In the records below, find the line that holds "Toyota Aqua - 1". Restate it and every later line exactly, stopping at the end and skipping pictures.

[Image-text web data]
--- START ---
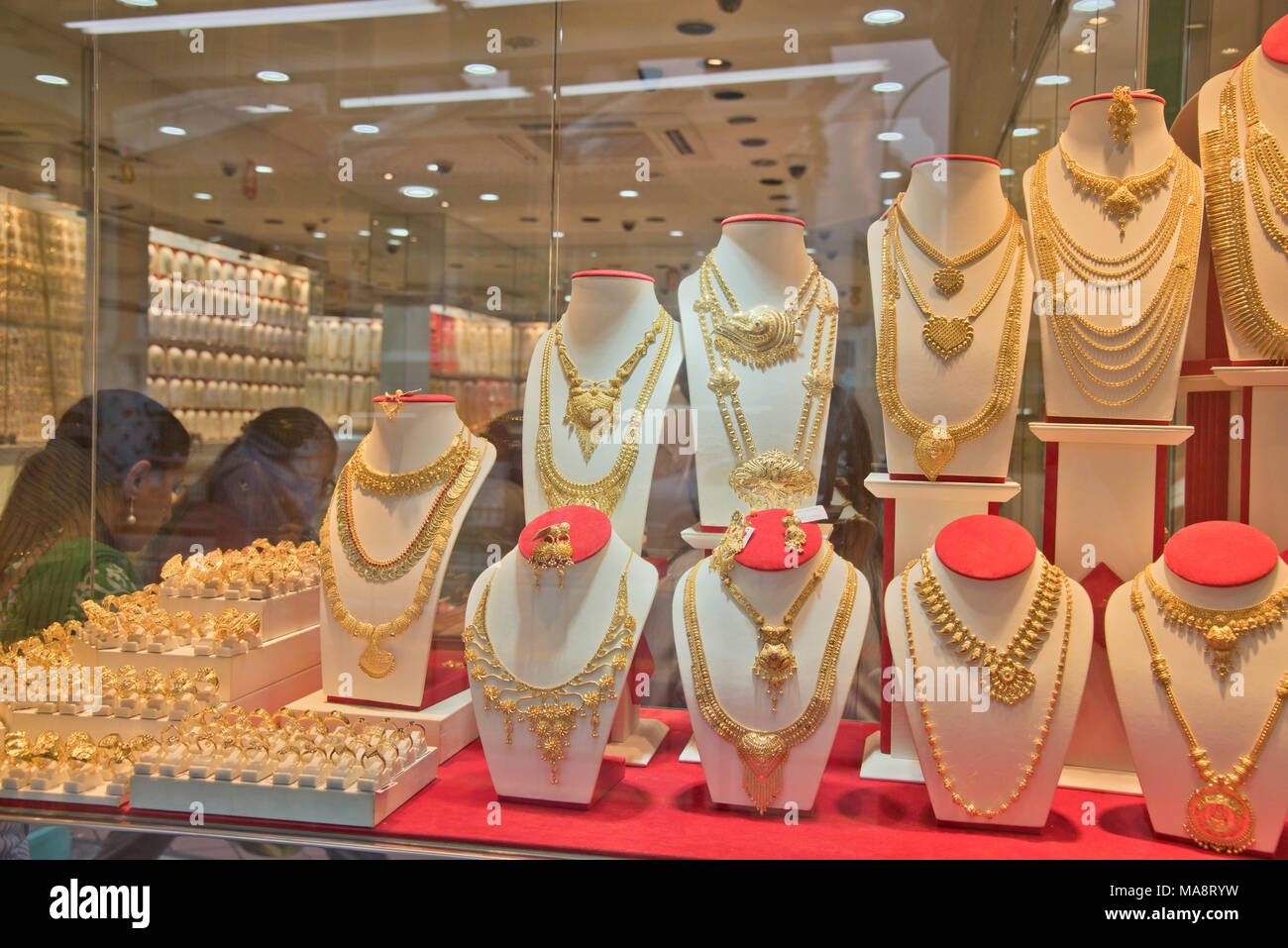 Gold and jewellery shop in Little India, Singapore Stock Photo - Alamy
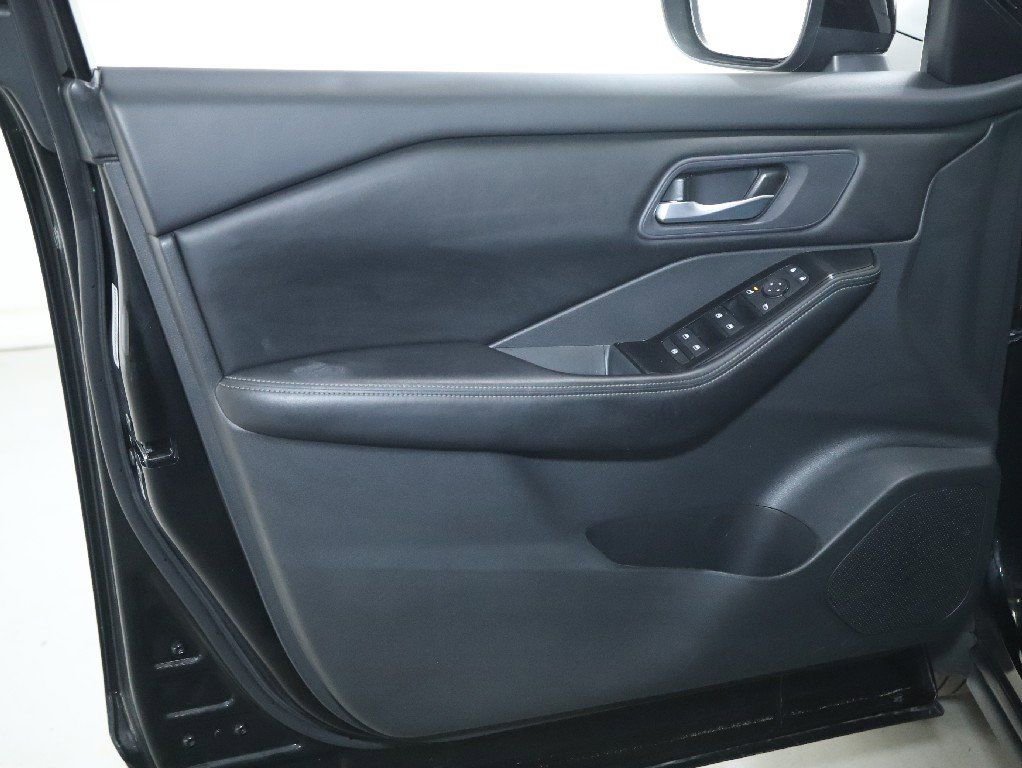 Certified 2025 Nissan Rogue SV image 15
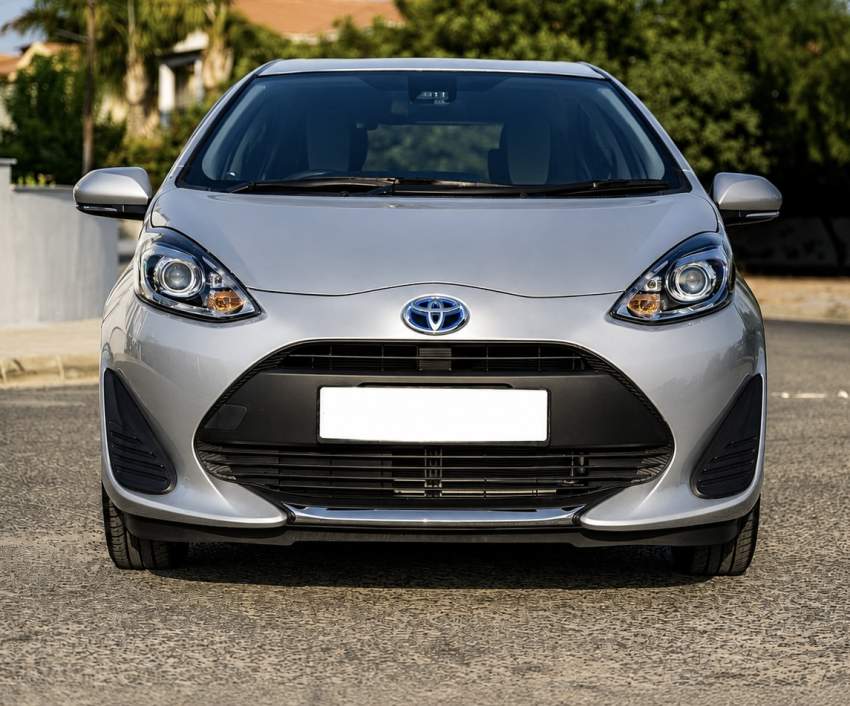 Toyota Aqua - 1 - Family Cars  on Aster Vender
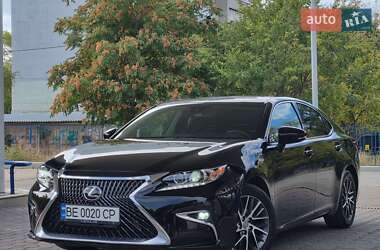 Lexus ES 2017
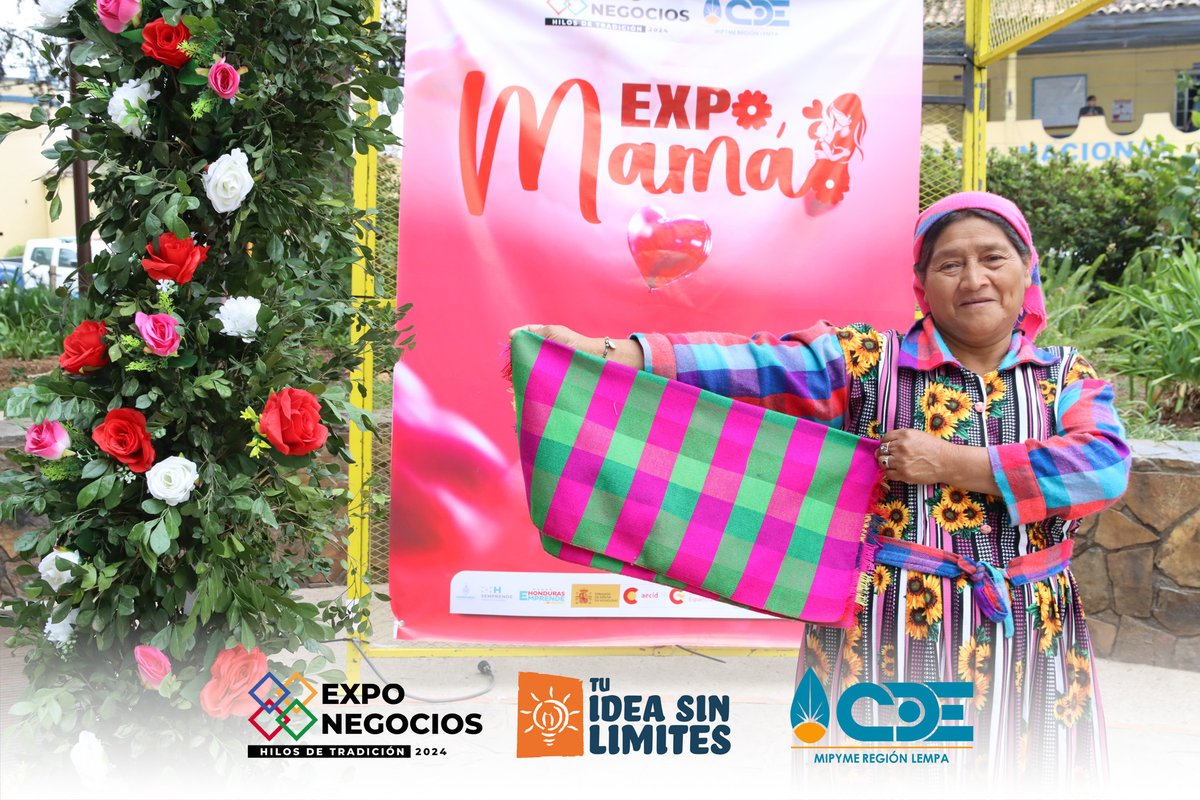cdemipymerl's tweet photo. ¡Celebramos la grandeza de todas las madres que hicieron brillar la Expo Mamá!📷
Gracias a cada uno de ustedes por hacer de este evento un éxito inolvidable. Con el apoyo de la Municipalidad de La Esperanza, Intibucá , @orolencahn   y La Banda, compartimos momentos increíbles.📷 https://t.co/UA0a4UT6zh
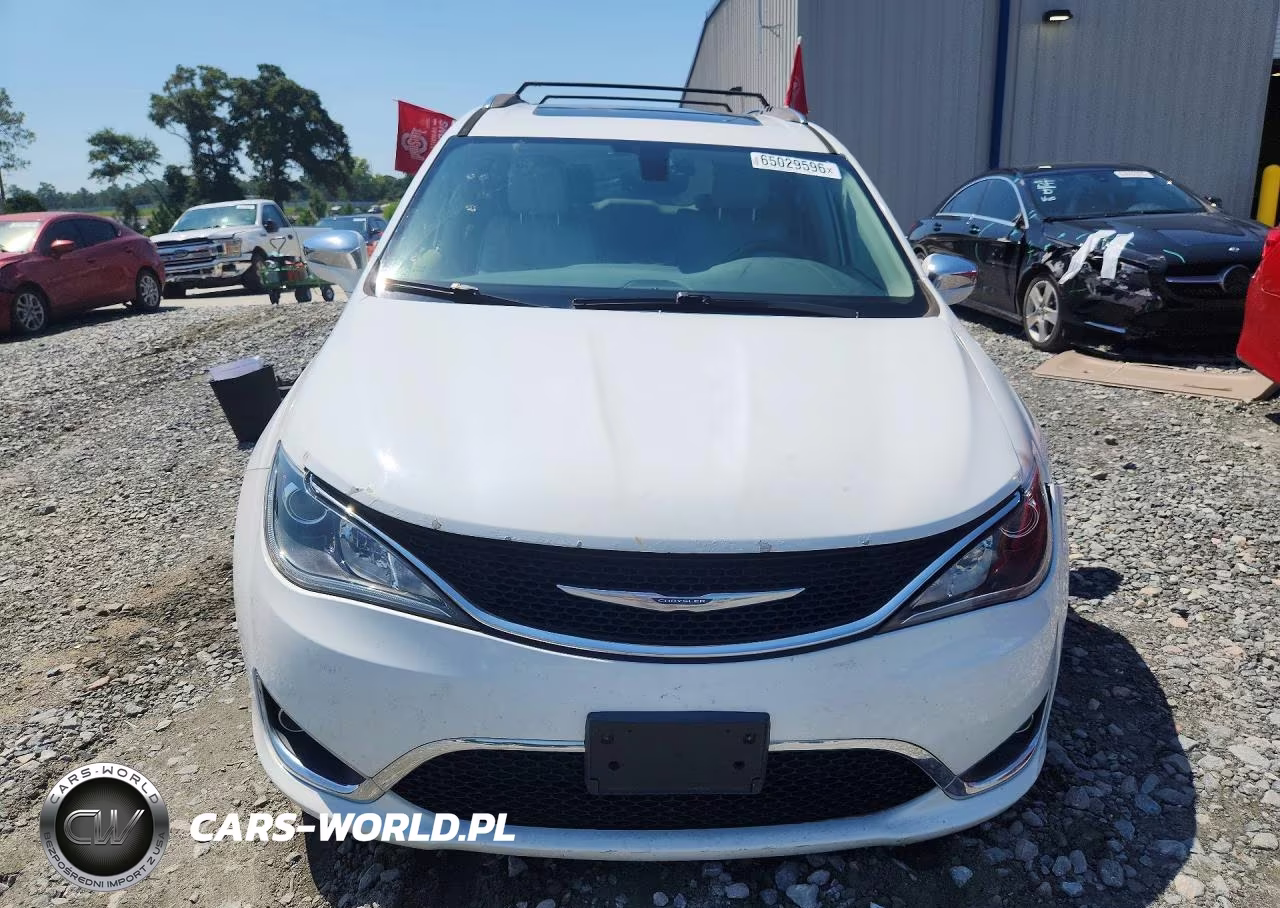 2017 Chrysler Pacifica Limited VIN:2C4RC1GG6HR504237 - 5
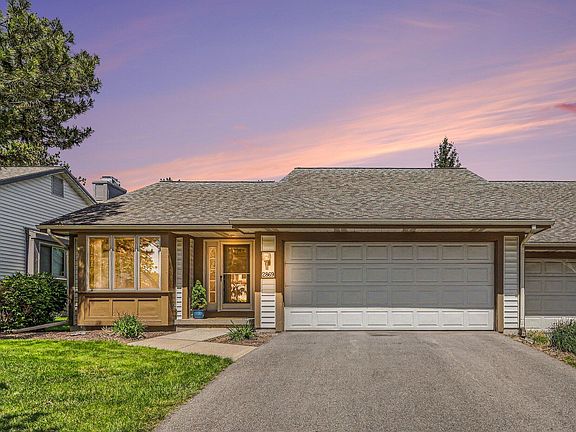 3rd image of 2869 Mulford Dr SE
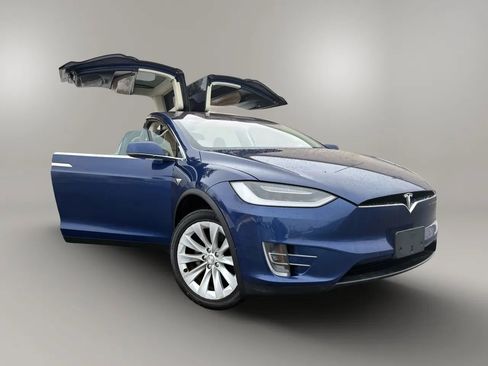 Used 2017 Tesla Model X 100D AWD/4WD image 2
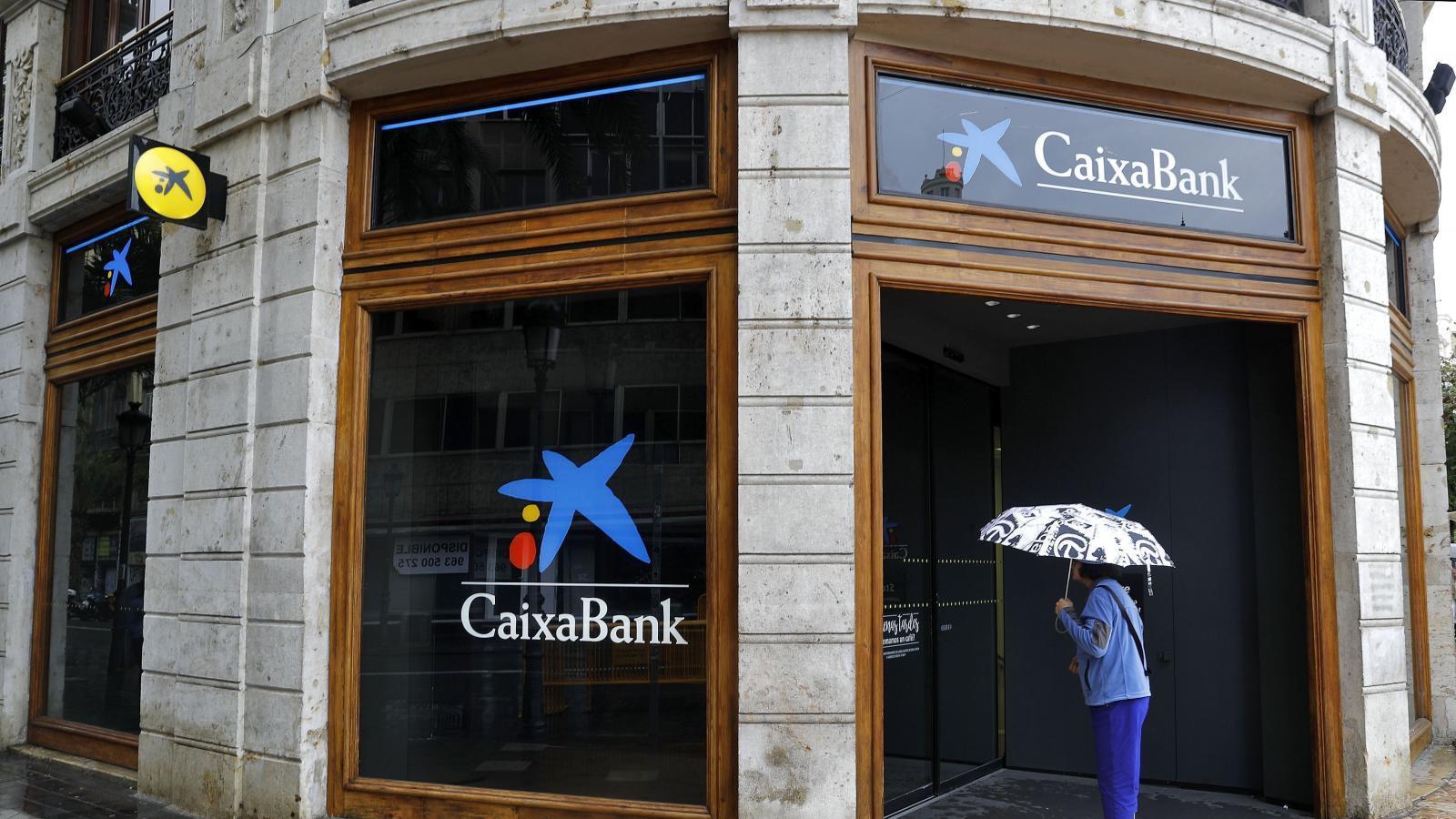 CaixaBank gana 4.181 millones por la fusión y destinará el 50 % al dividendo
--- END ---
**Response below:**
 Toyota Aqua - 1 - Family Cars  on Aster Vender
 Lexus ES 2017
cdemipymerl's tweet photo. ¡Celebramos la grandeza de todas las madres que hicieron brillar la Expo Mamá!📷
Gracias a cada uno de ustedes por hacer de este evento un éxito inolvidable. Con el apoyo de la Municipalidad de La Esperanza, Intibucá , @orolencahn   y La Banda, compartimos momentos increíbles.📷 https://t.co/UA0a4UT6zh
 2017 Chrysler Pacifica Limited VIN:2C4RC1GG6HR504237 - 5
 3rd image of 2869 Mulford Dr SE
 Used 2017 Tesla Model X 100D AWD/4WD image 2
 CaixaBank gana 4.181 millones por la fusión y destinará el 50 % al dividendo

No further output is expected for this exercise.